Of these carbonaceous foods, pastry, cakes, hot bread and white flour bread stand prominent. As elsewhere stated, hot breads, starch, and all of the fats do not digest in the acid fluid of the stomach. Passing into the duodenum the alkaline bile and pancreatic juice emulsify and liquify them. If the quantity of these substances taken be too great there will be much the same result as the soap-maker gets when he puts in his kettle too much fat for his lye. The substances are not dissolved, and can not be taken up by the villi of the intestines for nutrition, and a concentrated mass lacking residuum passes into the excrement.
The prevalent, if not foolish fashion of using only bolted or white flour for bread, a flour abounding in starch and lacking in gluten, is largely the cause of indigestion and constipation. The gluten lies next the bran and contains the nitrates and phosphates which digest in the stomach and feed muscles, brain and nerves, while the bran itself furnishes residuum for fecal matter.

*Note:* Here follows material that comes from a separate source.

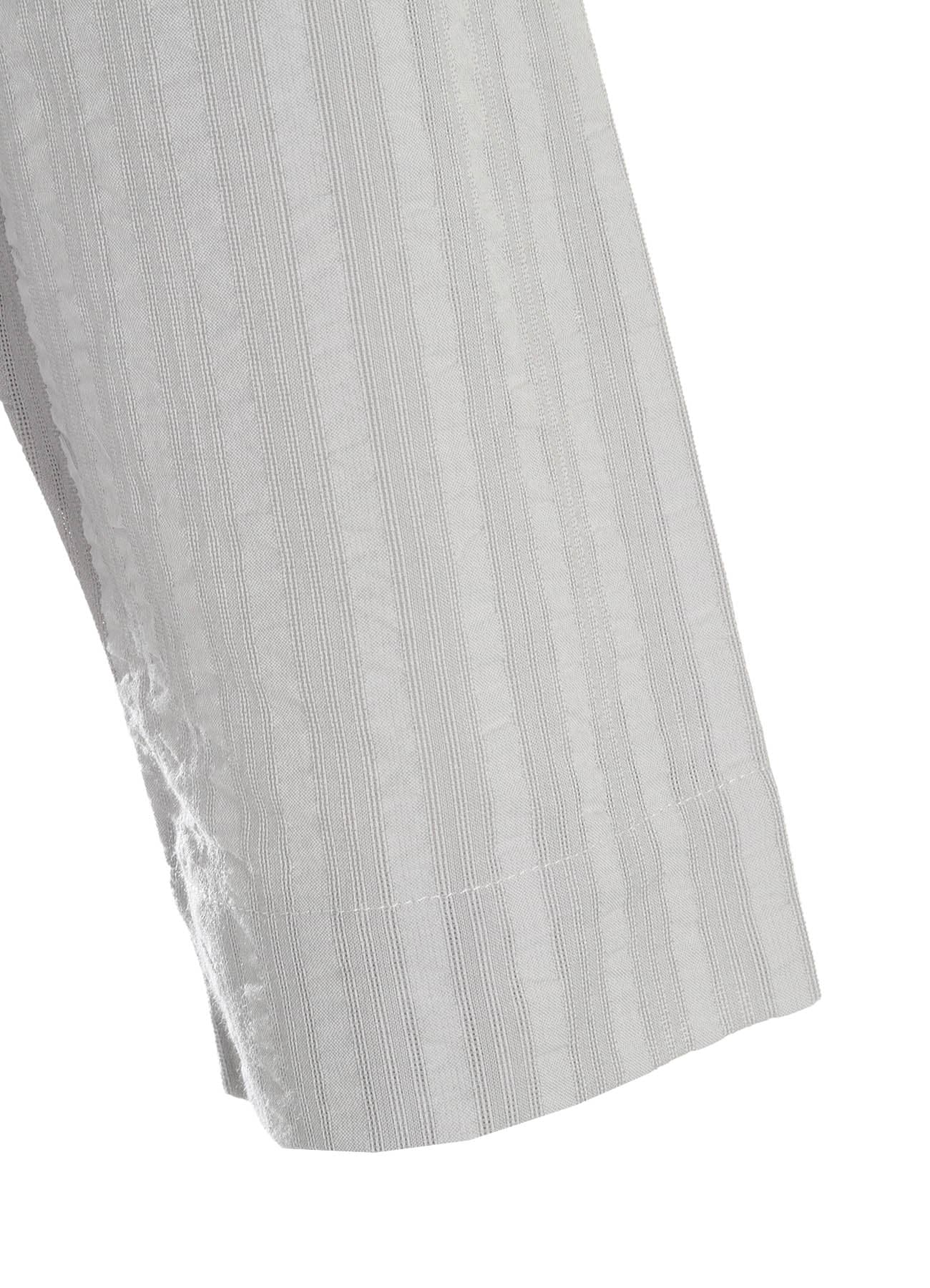 COTTON SEERSUCKER PAJAMAS (L)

Another factor especially answerable for the recent increase of constipation, is the prevalent use of baking powder. This makes a beautiful, light, friable and delicious bread, requiring but little time or care in its preparation. If adulterated with alum, astringent effects follow. Even in a pure powder, we have an acid and an alkali, which, after chemical union has taken place, leaves a residual salt that has a depressing influence upon the nervous system. A sensitive person not accustomed to the use of bread from yeast powder, even if eaten cold, will in a few hours feel depressing influences, upon both mind and body.